Parte-se do intercruzamento de quatro histórias, histórias de guerrilhas urbanas e rurais e de guerrilhas do corpo, sociais, de gênero. No entremeio das vozes que se sustentam ora através da presencialidade cênica, ora através de recursos audiovisuais que me parecem conceber uma espécie de purgatório da História, os espectadores podem dar seu testemunho a um inescapável alinhamento que une em um espectro comum todas as histórias: a ditadura e sua gramática de exclusão e silenciamento, abastecida pelo terror de uma invasão comunista que interpelava como abstração os principais radicantes do temor do empresariado brasileiro junto aos militares, isso é, as transformações sociais concretas que poderiam se erigir a partir da reforma agrária e da conjunção de modificações dentro das políticas de distribuição de renda no país.
A ditadura afirma a todo instante seu viés capitalista agregado ao fascismo de base que se organiza a partir de estratagemas emocionais como o terrorismo midiático, um senso de patriotismo militarizado, o nacionalismo exacerbado de alicerces substancialmente xenófobos, o cisheteropatriarcalismo como modelo estruturante da família nuclear burgobrasileira.

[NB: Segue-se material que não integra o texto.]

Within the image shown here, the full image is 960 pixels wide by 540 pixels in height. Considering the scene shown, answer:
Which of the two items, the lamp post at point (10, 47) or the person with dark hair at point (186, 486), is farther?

Em cena, essas tantas forças entram em ebulição em um quadro controlado, a situação de comércio das ideias estabelecida pelo pitch, apresentação sintética de 11 minutos na qual Crístofer e seu sobrinho pretendem convencer investidores a comprar a sua trama novelesca, uma história de cartas recebidas e enviadas no coração do Regime Militar. Tudo começa em um tom comediônico que se dissolve a cada transição, dando lugar à gravidade exposta na medula da indústria cultural, a mercantilização da memória e seu saldo embrutecedor.

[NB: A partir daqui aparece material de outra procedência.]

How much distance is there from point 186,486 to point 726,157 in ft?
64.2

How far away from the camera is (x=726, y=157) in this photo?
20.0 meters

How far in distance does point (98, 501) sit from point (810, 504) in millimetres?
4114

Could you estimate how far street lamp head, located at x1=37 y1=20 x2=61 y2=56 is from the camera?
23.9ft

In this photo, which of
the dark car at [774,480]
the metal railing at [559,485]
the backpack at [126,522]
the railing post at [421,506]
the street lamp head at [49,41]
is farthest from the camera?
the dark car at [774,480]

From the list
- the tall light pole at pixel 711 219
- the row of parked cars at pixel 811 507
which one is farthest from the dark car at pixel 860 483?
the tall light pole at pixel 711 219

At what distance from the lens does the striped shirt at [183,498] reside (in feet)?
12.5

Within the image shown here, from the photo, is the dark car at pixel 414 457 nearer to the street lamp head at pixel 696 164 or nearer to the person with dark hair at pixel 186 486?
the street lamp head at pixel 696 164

Depois (lá fora) o silêncio, qual a fração final do texto shakespeareano em que o príncipe Hamlet ainda desfere murmurante uma última busca de sentido para toda a tragédia. Ao contrário do príncipe, talvez porque o estatuto da nobreza hegemônica não lhes caiba, as guerrilheiras Silaine, Iucatã, Alice e seu companheiro de aprisionamento Crístofer diagnosticam o silenciamento como uma barreira a ser vencida, rompida pela palavra que transborda do íntimo e ocupa o espaço público sob a forma da liberdade. A palavra, pelo grito, uma ferida aberta. O grito, navalha afiada, folha de Santa Bárbara, fio de corte da mensagem, a incisão da transmissão radiofônica, a sutura de uma conversa entre irmãos, ainda somos irmãos.